Posted by
Anticontrarian on Monday, November 13, 2006 10:50:49 AM
As the post-mortem of the Republican bloodbath gets underway, there has been a lot of finger-pointing. Of all the questions that should haunt the GOP, one of the biggest is, what if the party had just fielded an electable senatorial candidate in Florida?
Despite the national mood, the 2006 political climate was still very friendly to Florida Republicans. Popular Governer Jeb Bush would have taken Bill Nelson’s seat easily. So might Charlie Crist have done, if Crist had chosen to run for the Senate and left the governership to Tom Gallagher. Gallagher himself would have been a strong opponent for Nelson.
Even Will McBride, the GOP primary runner-up to Katherine Harris, would have given Nelson a tough fight. I think the incumbent Nelson would have beaten the relatively obscure young challenger, but Cuban-American McBride at least would have made the Democrats and Nelson work for the seat.
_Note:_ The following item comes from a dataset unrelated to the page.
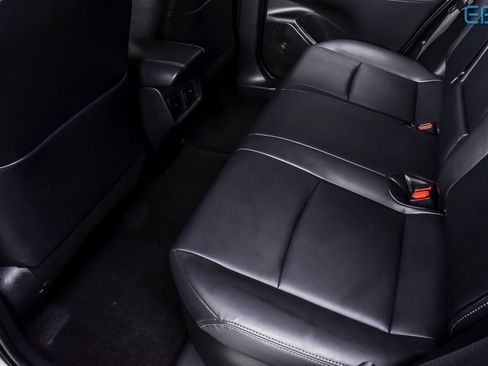 Used 2024 Toyota Venza Nightshade image 20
Who knows what indirect effect that might have had in Virginia, Montana, and Missouri, if the Democrats had been forced to spend and campaign in Florida?
What little chance McBride had of beating Harris in the primary was probably reduced to zero by an unfortunate coincidence: His name is almost identical to that of Democrat Bill McBride, the unsuccessful 2002 challenger to Governer Jeb Bush. The two are unrelated.